Pacific Hydro Wind Farm Generates Tourist Dollars in Australia

In come the milling crowd

Pure white blades sigh as they slice through the air, momentarily interrupting rays of sun, before gracefully completing another mesmerising cycle.

It is another windy day on the top of Albany's coastal cliffs in Western Australia, where 12 modern wind turbines provide 65 per cent of the electricity to the town below, and cut annual greenhouse emissions by 77,000 tonnes.

A surprising addition to the scenery is a group of tourists who have just disembarked from their coach, cameras at the ready. But they are not here for the whales. It is the wind farm they have come to see.

The novelty of the white windmill forests is something that is attracting curious visitors in droves. At a time when climate change and renewable energy are concerns, it is not hard to understand why there is an interest.

The tourism industry has speedily caught on. Wind farms are marketed as must-see attractions where visitors can witness the production of renewable energy and learn about wind technology.

Most wind farms in Australia cater for tourists, providing viewing platforms and information booths. The wind farm in Albany has been operating since 2001 and has a network of paths around the base of the turbines, with boards with stories and facts.

Jon Berry, the manager of economic development at Albany Council, said the turbines had enhanced the value of the area.

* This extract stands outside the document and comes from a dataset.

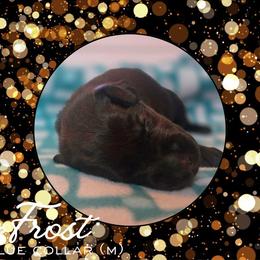 Frost - Blue Collar - Black male Labrador Retriever puppy in Sumerduck, Virginia from Cedar Mountain Retrievers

"The combination of the wind farm and a spectacular coastal setting has made it the most popular tourist destination in Albany," he said.

"I think people also see them as symbols that we're doing something for the environment. [Visitors] are quite awe-inspired about the pure size of the machinery towering above them, and with blades the size of a Boeing 747 wing coming towards you it's a real 'wow' experience."

The Australian Wind Energy Association says it is the role wind farms play in reducing greenhouse gases that makes them more appealing than other forms of development.

It was this interest in green initiatives that convinced Tim Brady of Port Fairy, Victoria, that there was a market for wind-farm tours. Codrington farm, near Port Fairy, has been in Brady's wife's family since 1856, but in 2001 it gained 14 wind turbines and became Australia's largest (at the time), and Victoria's first, wind farm. An open day for the public in 2001 showed just how much interest there was.

"Thousands of people showed up. We were bowled over by the amount of people who came out to the country to have a look," Brady said.